Every Monday we post the highlights out of last week’s FCC Export/Import Daily Update (“The Daily Bugle”). Send out every business day to approximately 8,500 readers of changes to defense and high-tech trade laws and regulations, The Daily Bugle is a free daily newsletter from Full Circle Compliance, edited by James E. Bartlett III, Salvatore Di Misa, and Elina Tsapouri.

We check the following sources daily: Federal Register, Congressional Record, Commerce/AES, Commerce/BIS, DHS/CBP, DOE/NRC, DOJ/ATF, DoD/DSS, DoD/DTSA, FAR/DFARS, State/DDTC, Treasury/OFAC, White House, and similar websites of Australia, Canada, U.K., and other countries and international organizations.  Due to space limitations, we do not post Arms Sales notifications, Denied Party listings, or Customs AD/CVD items.
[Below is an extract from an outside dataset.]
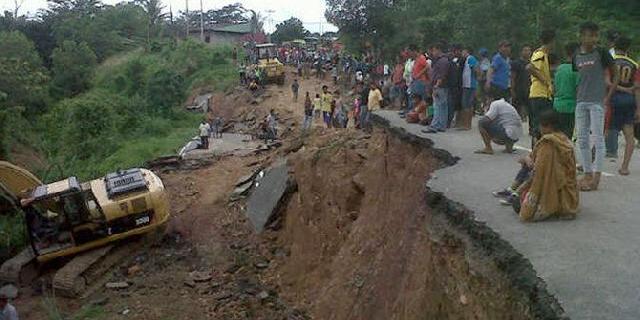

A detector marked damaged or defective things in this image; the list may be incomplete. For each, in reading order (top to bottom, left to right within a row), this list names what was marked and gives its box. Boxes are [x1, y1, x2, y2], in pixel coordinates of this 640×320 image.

broken road edge [370, 114, 568, 318]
To subscribe, click here.

Last week’s highlights of The Daily Bugle included in this edition are:

  1. EU Commission Updates; Tuesday, 26 May 2020; Item #4.
  2. DHS/CBP Publishes Guidances on Section 301 China Extension of Certain Product Exclusions; The Daily Bugle; Thursday, 28 May 2020; Item #7.
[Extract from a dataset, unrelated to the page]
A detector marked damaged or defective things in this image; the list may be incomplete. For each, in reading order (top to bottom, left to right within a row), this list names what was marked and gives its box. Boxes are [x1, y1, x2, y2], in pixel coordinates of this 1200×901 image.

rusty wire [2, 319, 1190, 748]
  3. USTR Publishes Notice of Product Exclusions; The Daily Bugle; Thursday, 28 May 2020; Item #4.
  4. Canada TID: “Joint Statement by the Minister of Foreign Affairs of Canada, UK, Australia and USA Responding to China’s Proposed New Security Law for Hong Kong”; The Daily Bugle; Friday, 29 May 2020; Item #4.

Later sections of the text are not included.